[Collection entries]

----

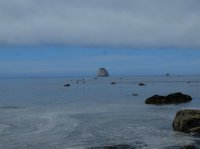 2015-06-18 olympic coast 946.JPG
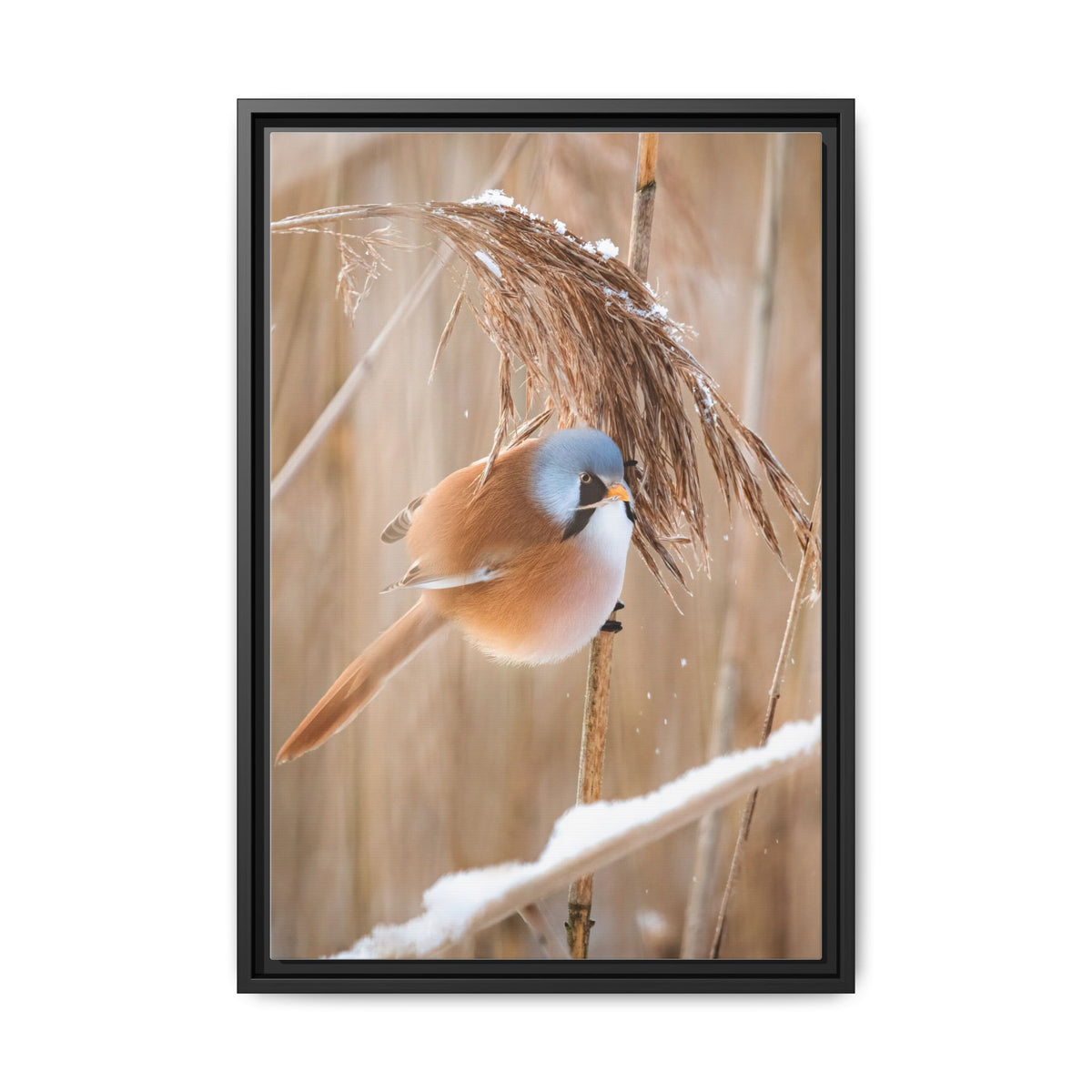 Framed Matte Canvas - Bearded Reedling Bird Photography (Winter Marsh)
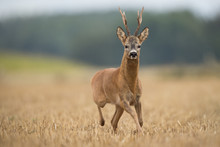 Roebuck - Buck (Capreolus Capreolus) Roe Deer - Goat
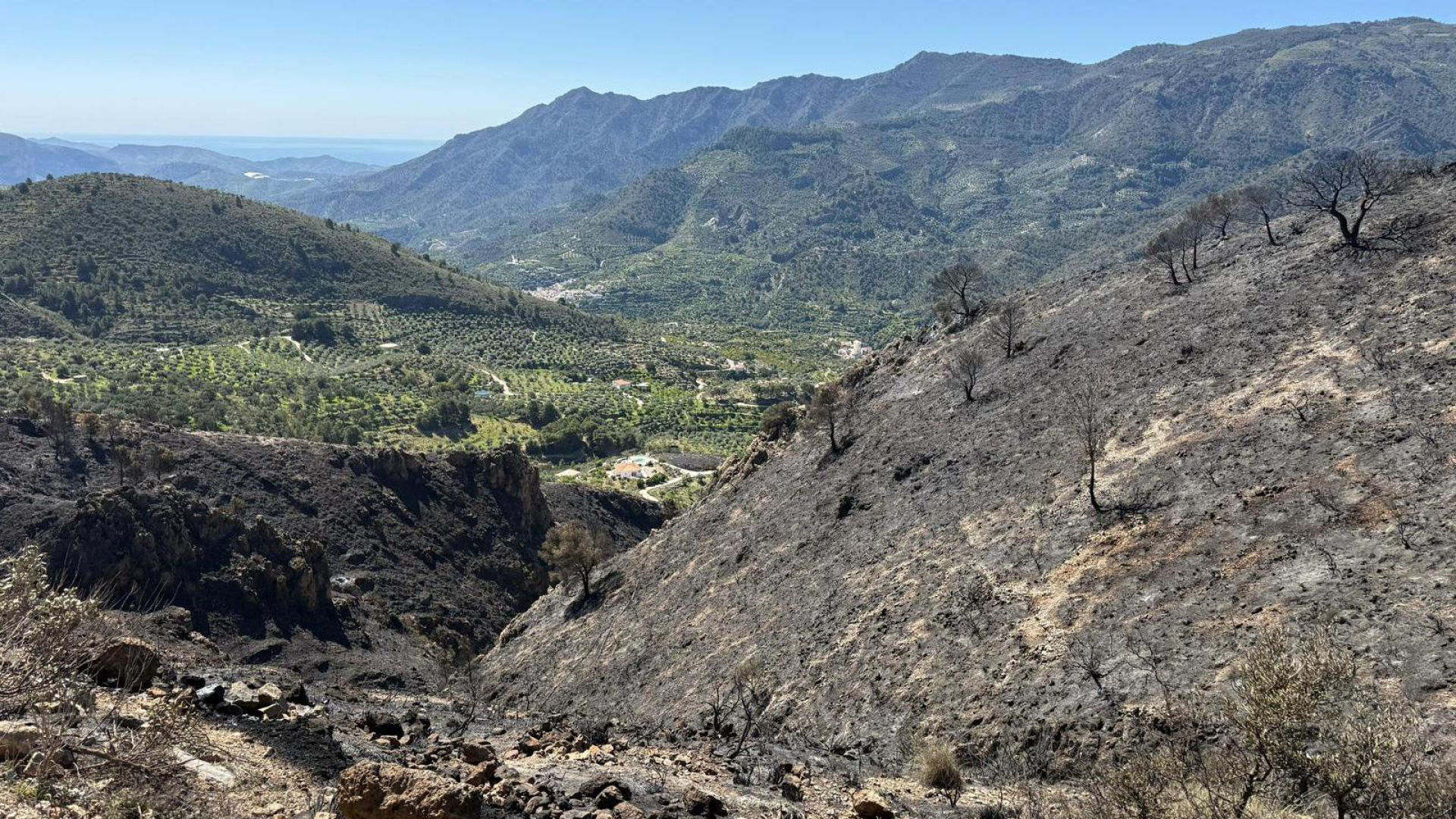 Controlan el incendio forestal de Los Guájares tras una intensa lucha contra el viento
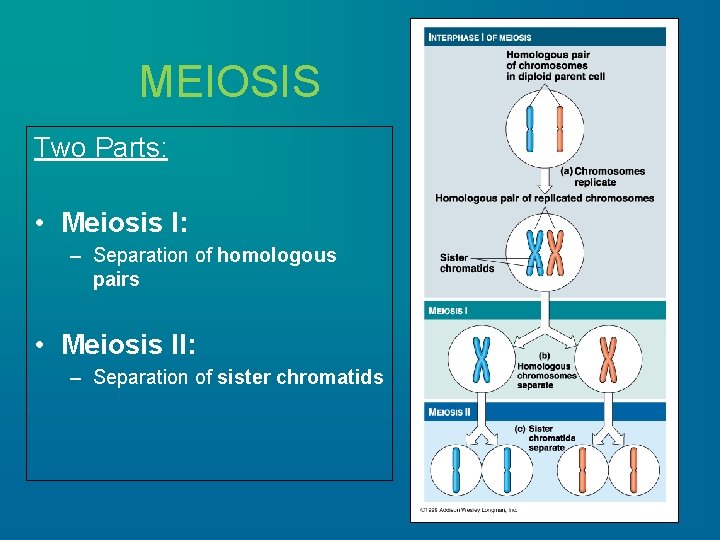 MEIOSIS Two Parts: • Meiosis I: – Separation of homologous pairs • Meiosis II:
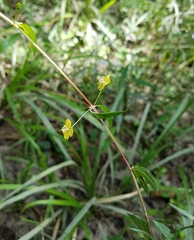 Lysimachia radicans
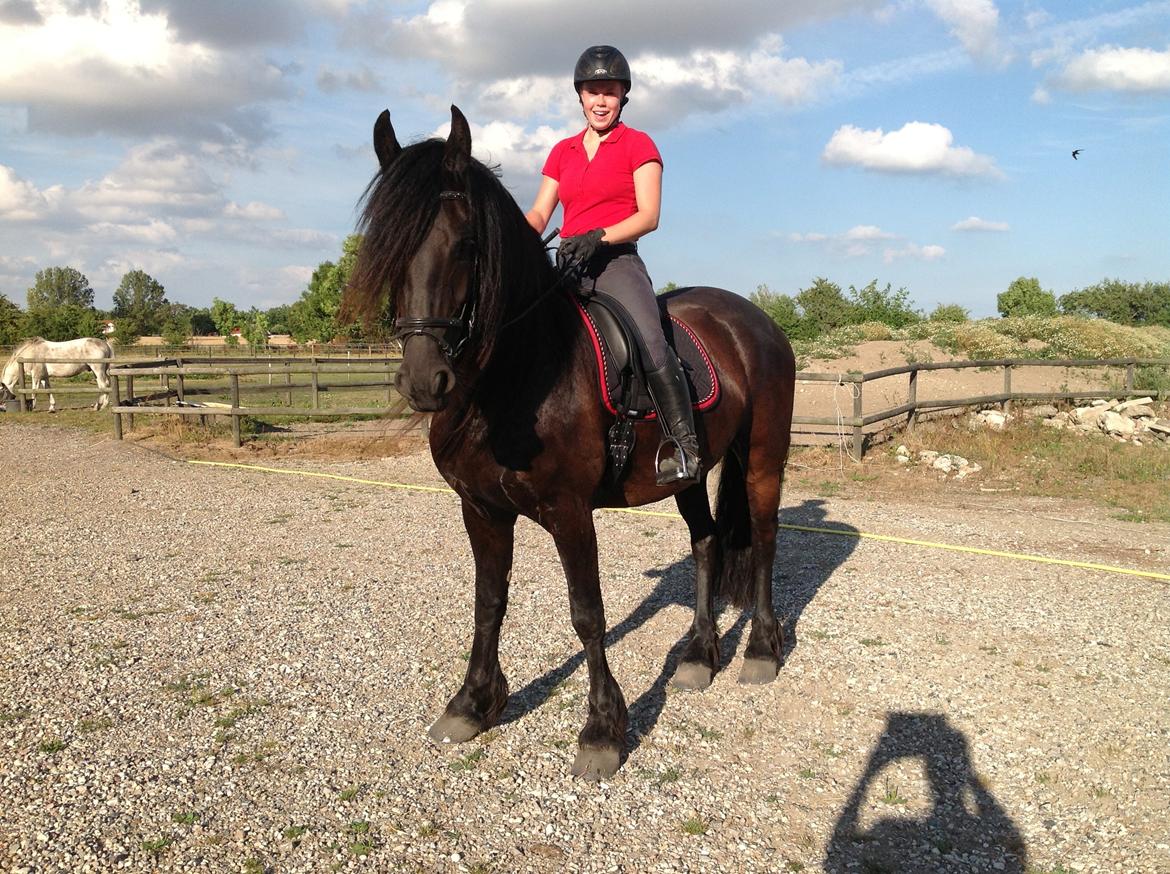 Frieser Zaffa AF Fugleholt (mors) billede 3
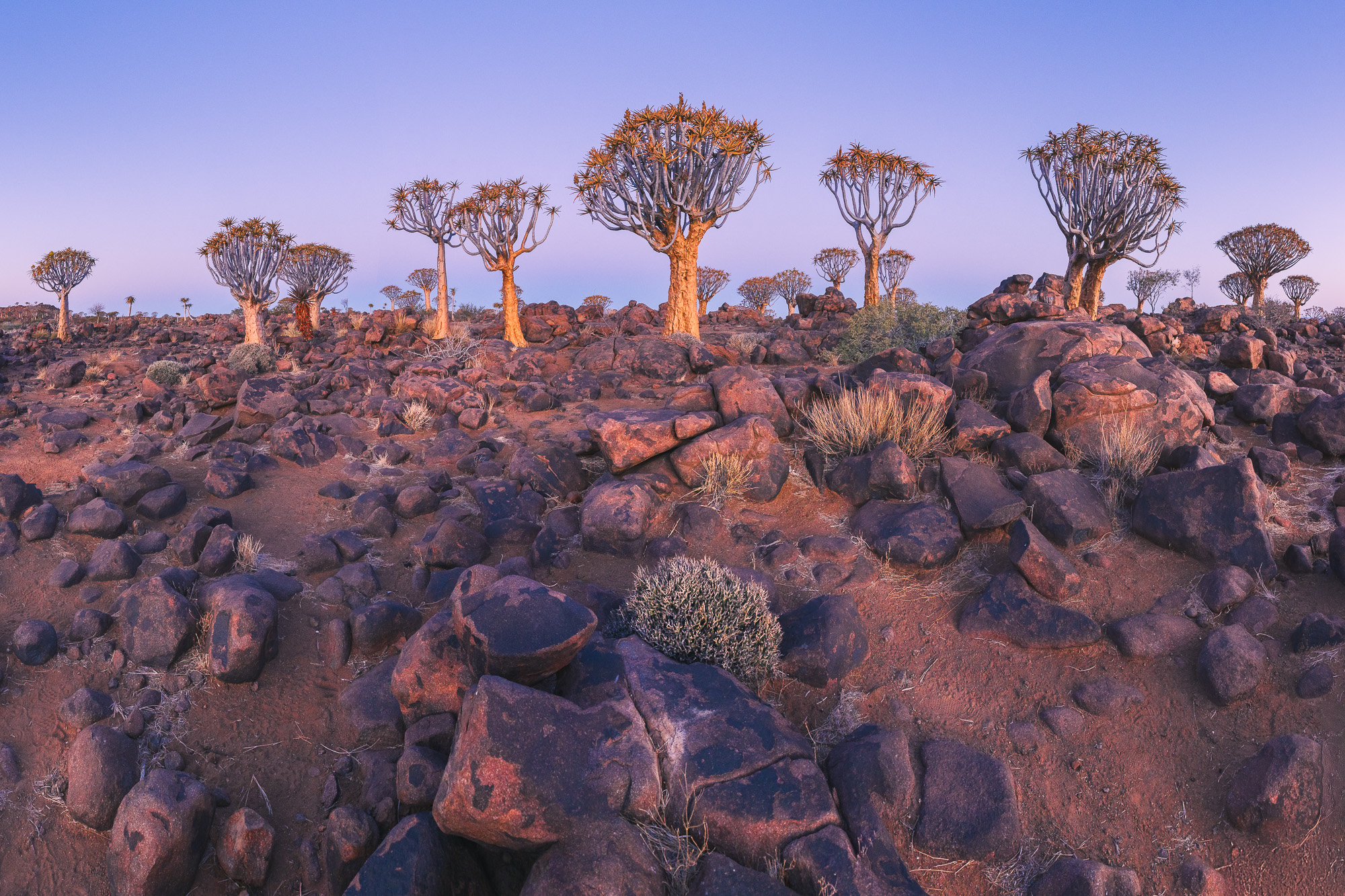 18294005082024218 3©SimonePaleari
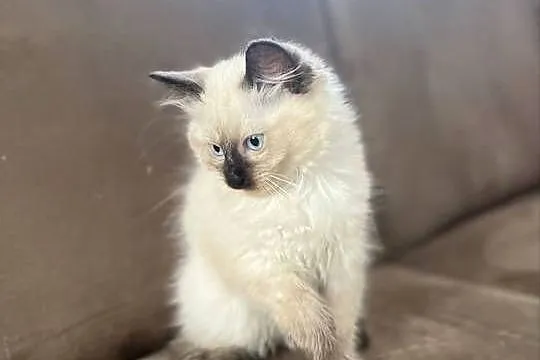 Kotki w typie rasy Ragdoll 13 tygodni, kocurki, Lubelskie, Chełm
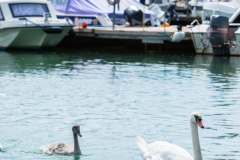 MARINA WILDLIFE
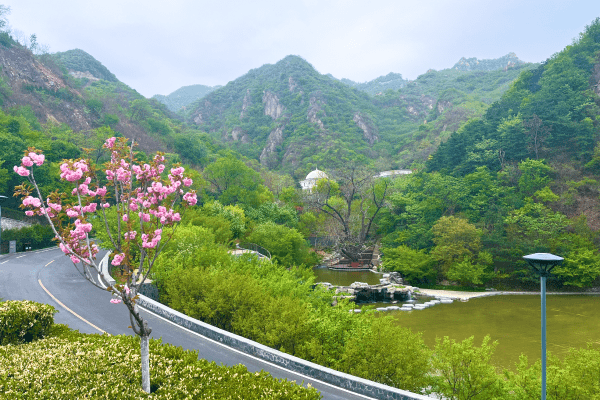 九公山长城纪念林视频封面图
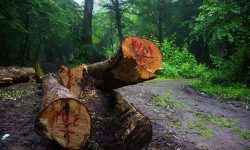 دستگیری یکی از قاچاقچیان چوب جاده جنگلی بهشهر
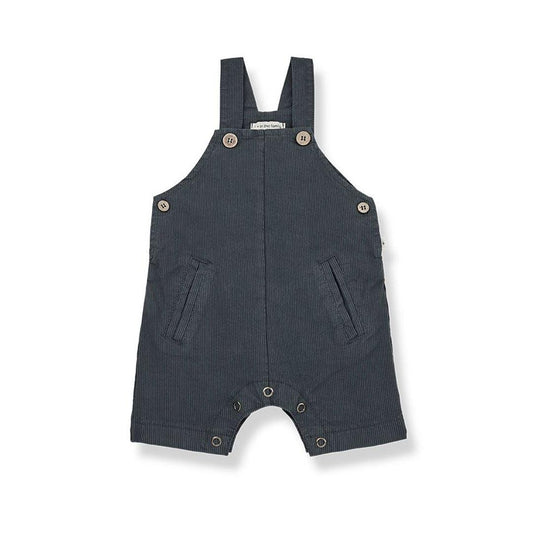 1+ in the family Tomeu Overalls - Clothing & Accessories - The Present King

----

• _WORK TO BE COMPLETED_
Output a precise copy of the entries, leaving the images out.

• _PROBLEM SOLUTION_
 2015-06-18 olympic coast 946.JPG
 Framed Matte Canvas - Bearded Reedling Bird Photography (Winter Marsh)
 Roebuck - Buck (Capreolus Capreolus) Roe Deer - Goat
 Controlan el incendio forestal de Los Guájares tras una intensa lucha contra el viento
 MEIOSIS Two Parts: • Meiosis I: – Separation of homologous pairs • Meiosis II:
 Lysimachia radicans
 Frieser Zaffa AF Fugleholt (mors) billede 3
 18294005082024218 3©SimonePaleari
 Kotki w typie rasy Ragdoll 13 tygodni, kocurki, Lubelskie, Chełm
 MARINA WILDLIFE
 九公山长城纪念林视频封面图
 دستگیری یکی از قاچاقچیان چوب جاده جنگلی بهشهر
 1+ in the family Tomeu Overalls - Clothing & Accessories - The Present King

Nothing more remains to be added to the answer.